> [Assignment]:
The full listing, word for word and free of images, is the expected result.

> [Information supplied]:
________________________________________

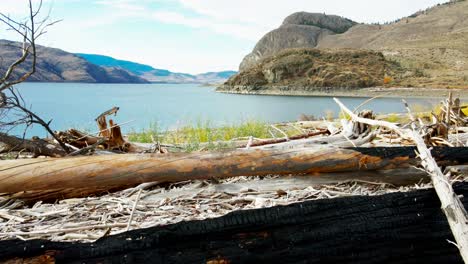 Verbrannte-Baumstämme-An-Den-Stränden-Des-Kamloops-Sees-An-Einem-Sonnigen-Tag-Im-Herbst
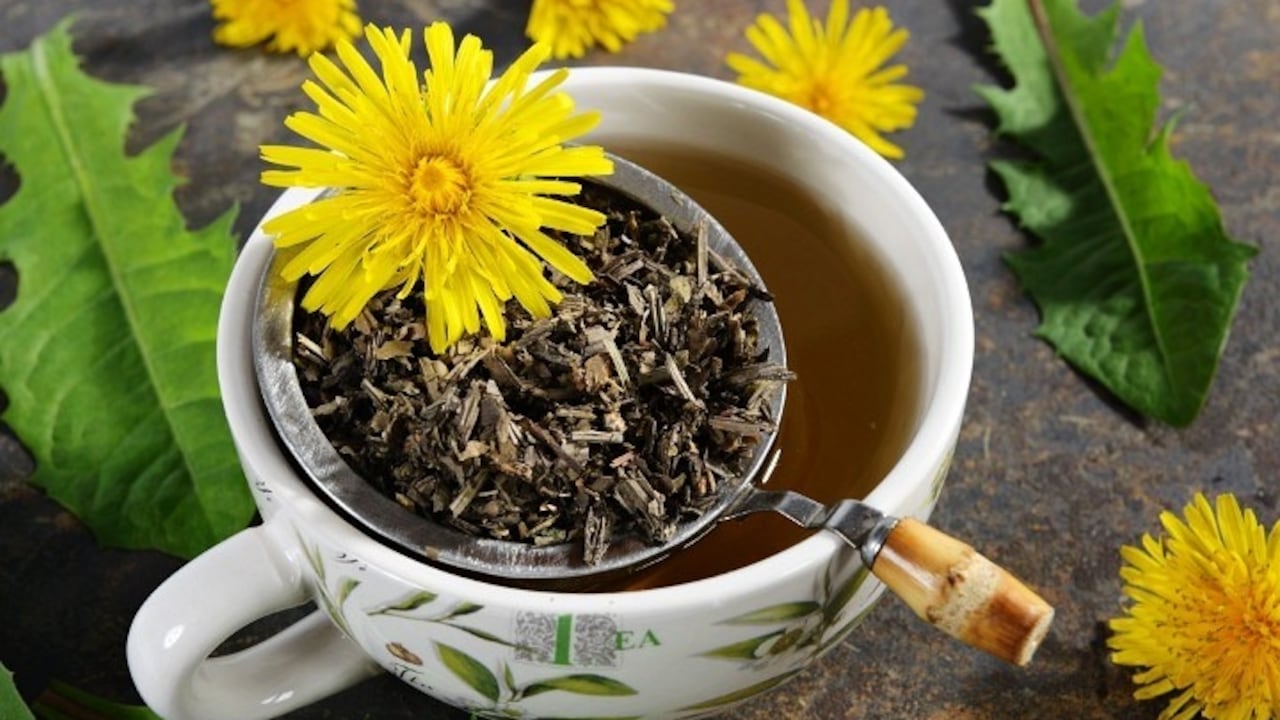 Está comprobado científicamente que una infusión preparada con 150 ml de agua y unas 6 o 7 hojas verdes de diente de León aumenta la producción de orina y reduce la hinchazón de pies y piernas, el vientre hinchado y la pesadez.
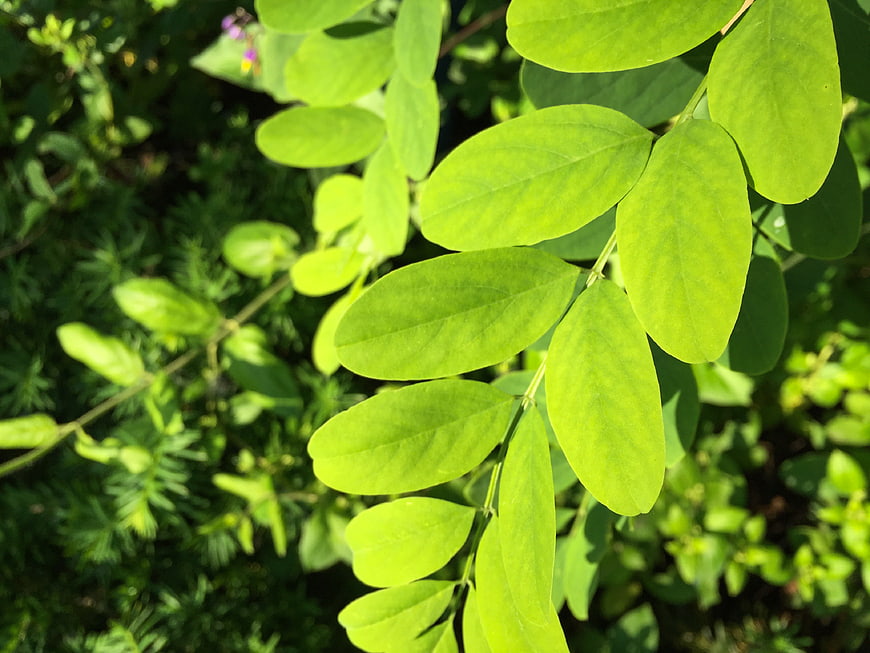 Close-up of vibrant green leaves in sunlight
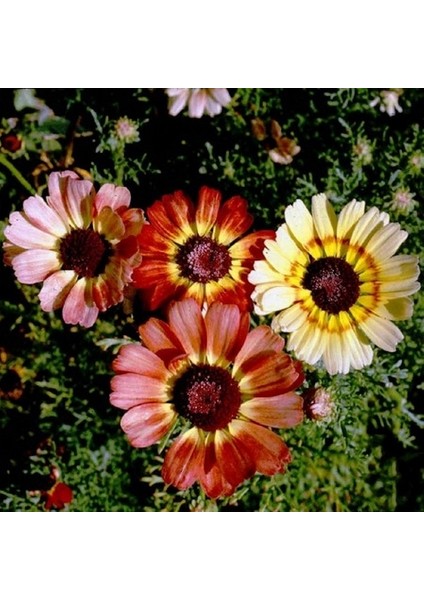 10 Adet Karışık Renk Chrysanthemum Çiçeği Tohumu + 10 Adet Süs Yoncası Çiçek Tohumu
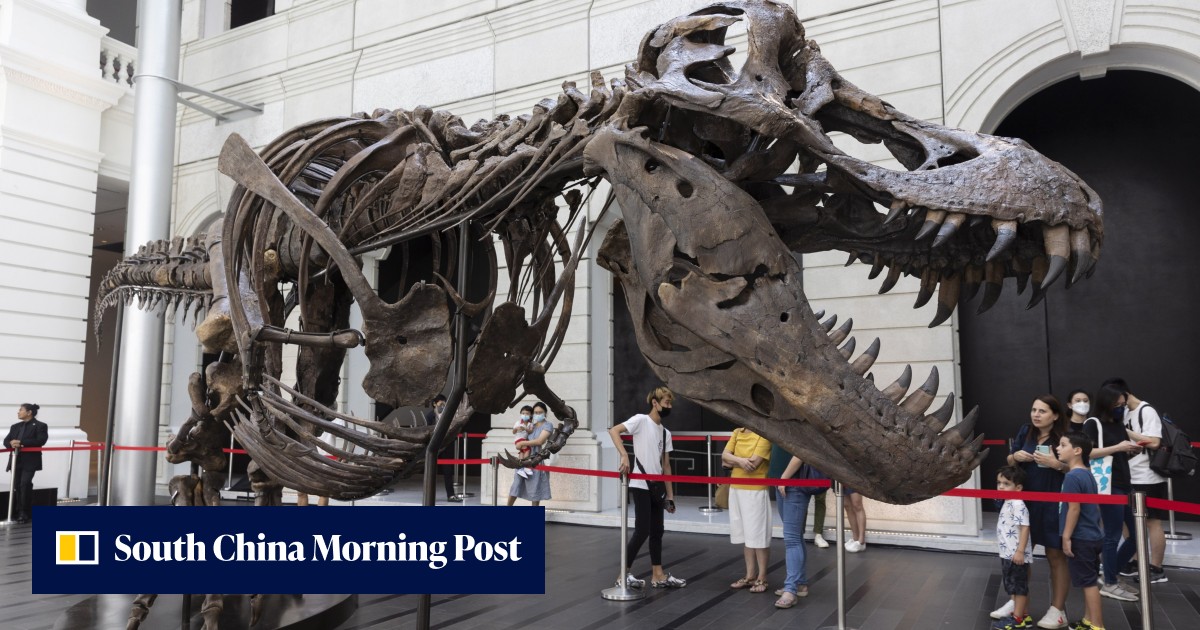 Rex China T. rex auction in Hong Kong cancelled after doubts raised about parts ...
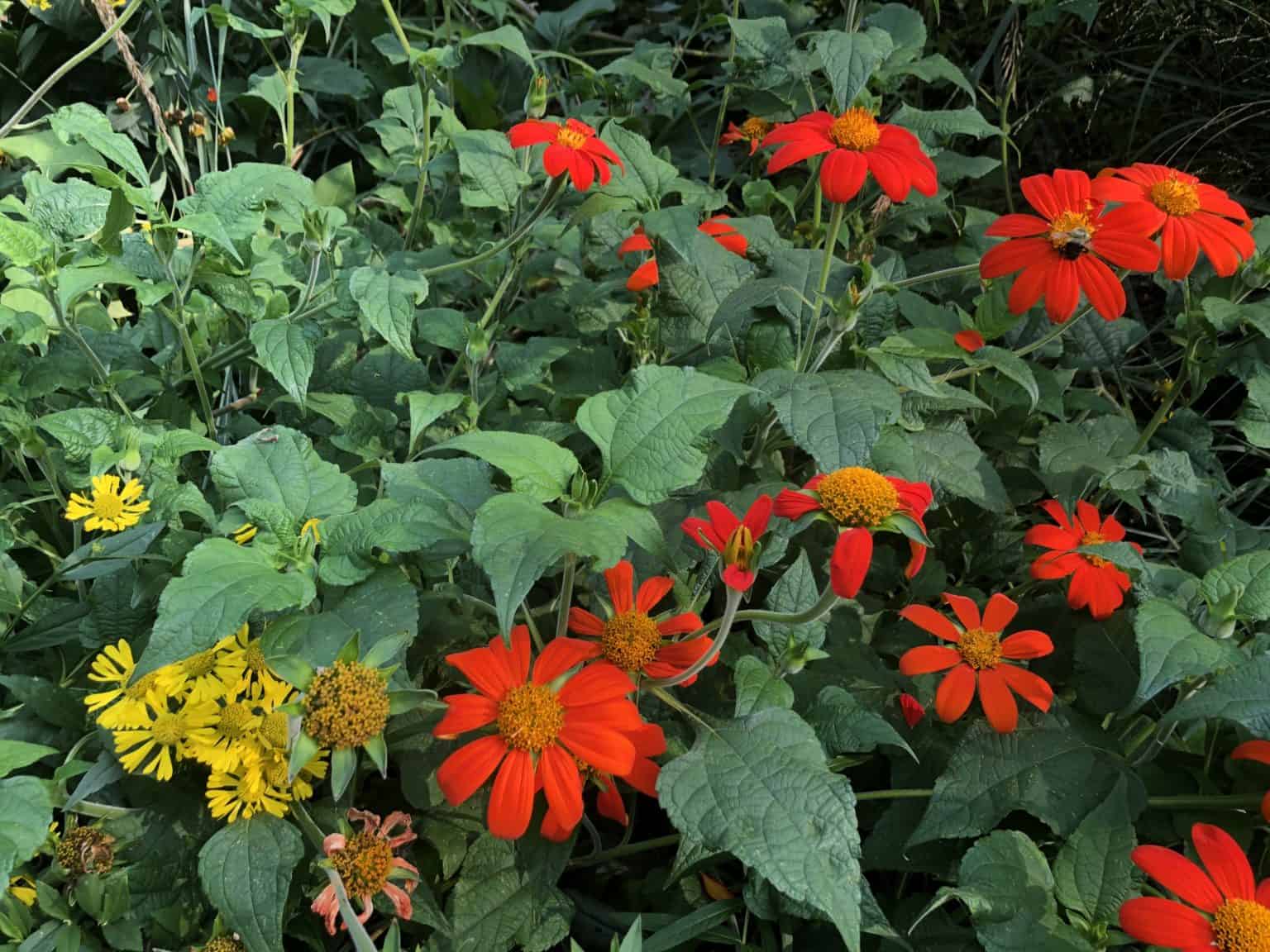 Tithonia rotundifolia Orange Mexican Sun Flowers Fast Growing Annual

________________________________________

> [Task solution]:
 Verbrannte-Baumstämme-An-Den-Stränden-Des-Kamloops-Sees-An-Einem-Sonnigen-Tag-Im-Herbst
 Está comprobado científicamente que una infusión preparada con 150 ml de agua y unas 6 o 7 hojas verdes de diente de León aumenta la producción de orina y reduce la hinchazón de pies y piernas, el vientre hinchado y la pesadez.
 Close-up of vibrant green leaves in sunlight
 10 Adet Karışık Renk Chrysanthemum Çiçeği Tohumu + 10 Adet Süs Yoncası Çiçek Tohumu
 Rex China T. rex auction in Hong Kong cancelled after doubts raised about parts ...
 Tithonia rotundifolia Orange Mexican Sun Flowers Fast Growing Annual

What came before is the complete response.